From: Hannes Reinecke
Date: Wed Apr 10 2024 - 08:06:07 EST


On 4/10/24 12:21, Sagi Grimberg wrote:


On 10/04/2024 9:52, Daniel Wagner wrote:
On Tue, Apr 09, 2024 at 11:26:00PM +0300, Sagi Grimberg wrote:

On 09/04/2024 12:35, Daniel Wagner wrote:
From: Hannes Reinecke <hare@xxxxxxx>

Any authentication errors which are generated internally are always
non-retryable, so use negative error codes to ensure they are not
retried.
The patch title says that any authentication error is not retryable, and
the patch body says "authentication errors which are generated locally
are non-retryable" so which one is it?
Forgot to update the commit message. What about:

   All authentication errors are non-retryable, so use negative error
   codes to ensure they are not retried.

?

I have a question, what happens if nvmet updated its credentials (by the admin) and in the period until the host got his credentials updated, it
happens to disconnect/reconnect. It will see an authentication
error, so it will not retry and remove the controller altogether?

Sounds like an issue to me.

Usual thing: we cannot differentiate (on the host side) whether the
current PSK is _about_ to be replaced; how should the kernel
know that the admin will replace the PSK in the next minutes?

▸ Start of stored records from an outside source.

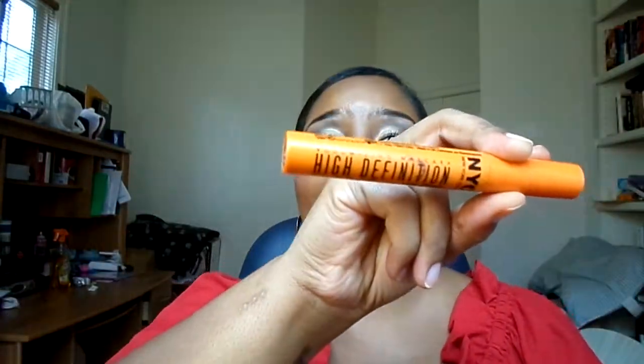As far as mascara, I used my e.l.f. mascara primer along with the NYC High Definition mascara. On top of that, I used the Smashbox Full Exposure mascara. For the eyeshadow primer, I used my Color 24-hour tattoo in barely branded.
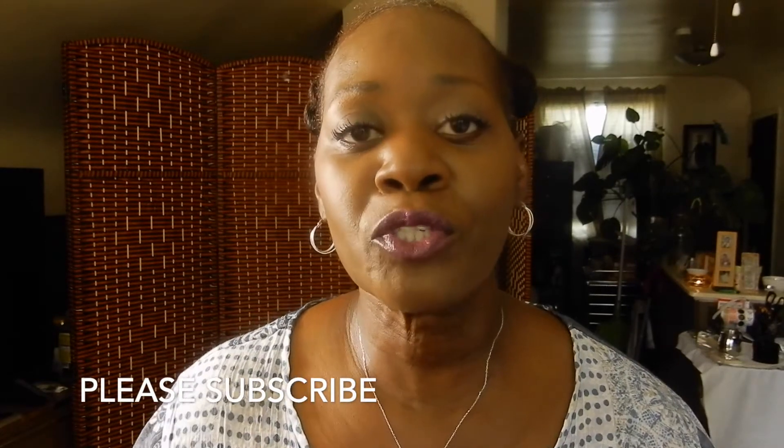Hi, it's Evelyn. Thanks so much for tuning in to my channel today. It is really hot outside — it is summertime and temperatures are rising from state to state. I have orders for Retain It Butter and I want to share with you how I prep, how I wrap my Retain It Butter, and how I ship my Retain It Butters to my customers.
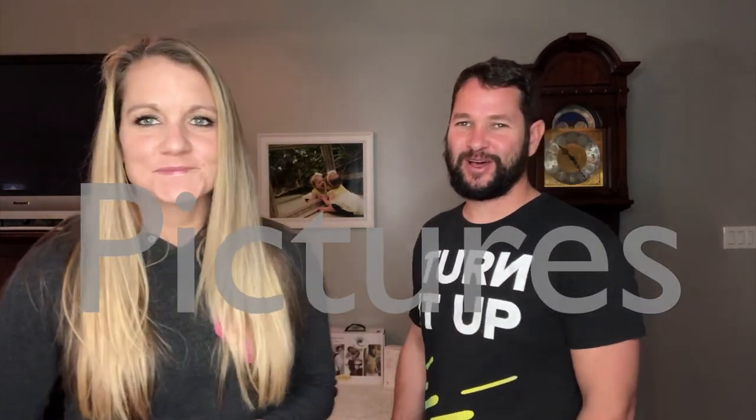Hey guys, Rob and Melissa here with Flea Market Flipper. Today we are bringing you Tuesday Tips - we're talking about taking pictures for eBay. We find a lot of mistakes when people take pictures for items. A lot of times people put too much clutter inside the picture itself, so when you're taking a picture, make sure you have a nice clean background with no other clutter.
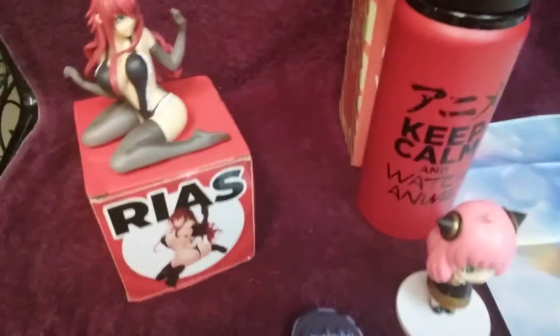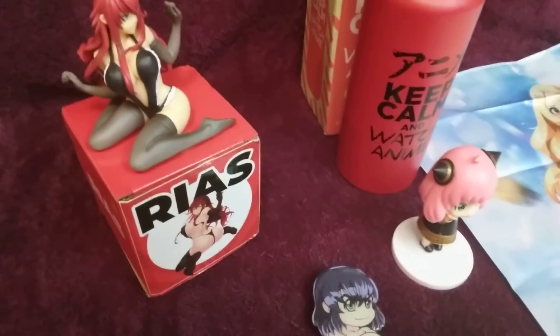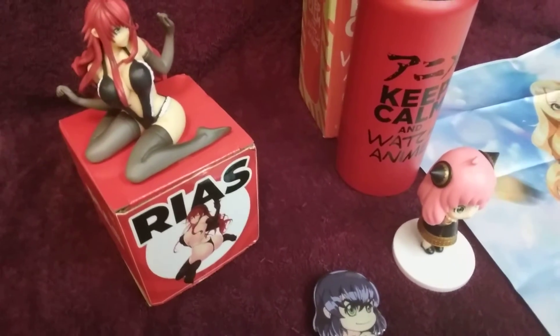The kicker is I love Rias — she's one of my favorite characters. They did a good job with the figure and I'm happy I got that.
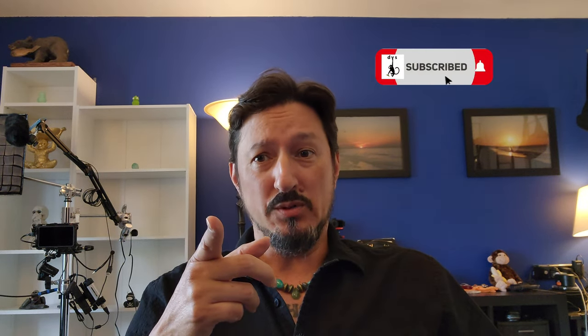Greetings all, it's the Devious Monkey here. Today I am trying another setup, sort of. I'm using my S22 Ultra — I have it in this whole contraption here, which I'll show you in a minute. And I am using the internal microphone of the S22 Ultra.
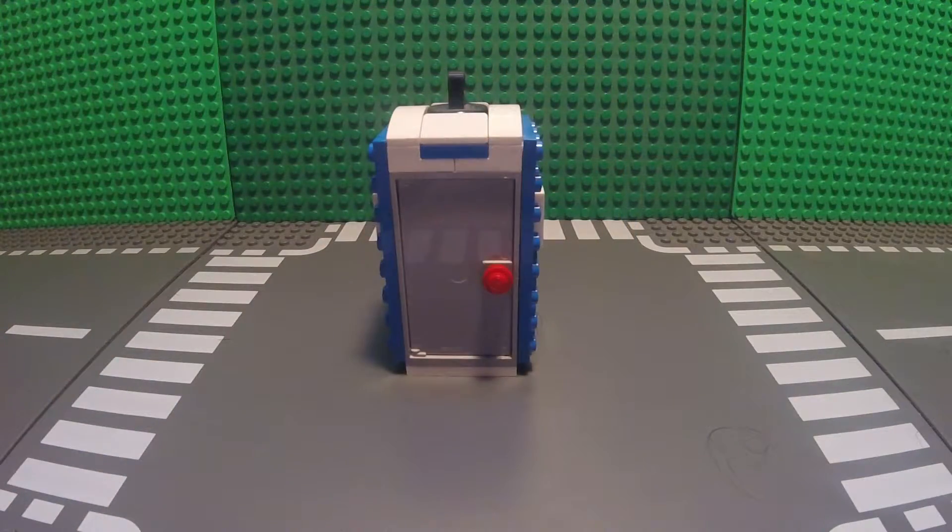And there you have it, a LEGO Porta Potty. Hopefully you enjoyed this LEGO tutorial, and hopefully I can see you in next week's video. Bye!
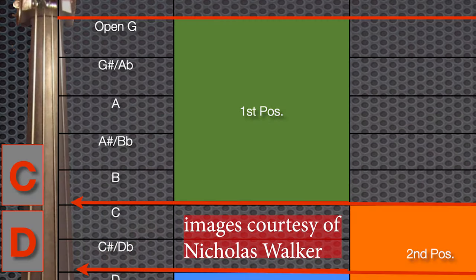The first position for Rebath and the first position for Simandl is the same. It's right here with your first finger on the note A. I'll just refer to G-string notes in general — so first Rebath position, just right here.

But that really is an issue with the standard. Currently there is no
way how a target could inform the initiator that the credentials have
been updated.

We would need to define a new status code for this.
In the meantime the safe operations model is to set a lifetime
for each PSK, and ensure that the PSK is updated on both sides
during the lifetime. With that there is a timeframe during which
both PSKs are available (on the target), and the older will expire
automatically once the lifetime limit is reached.

Cheers,

Hannes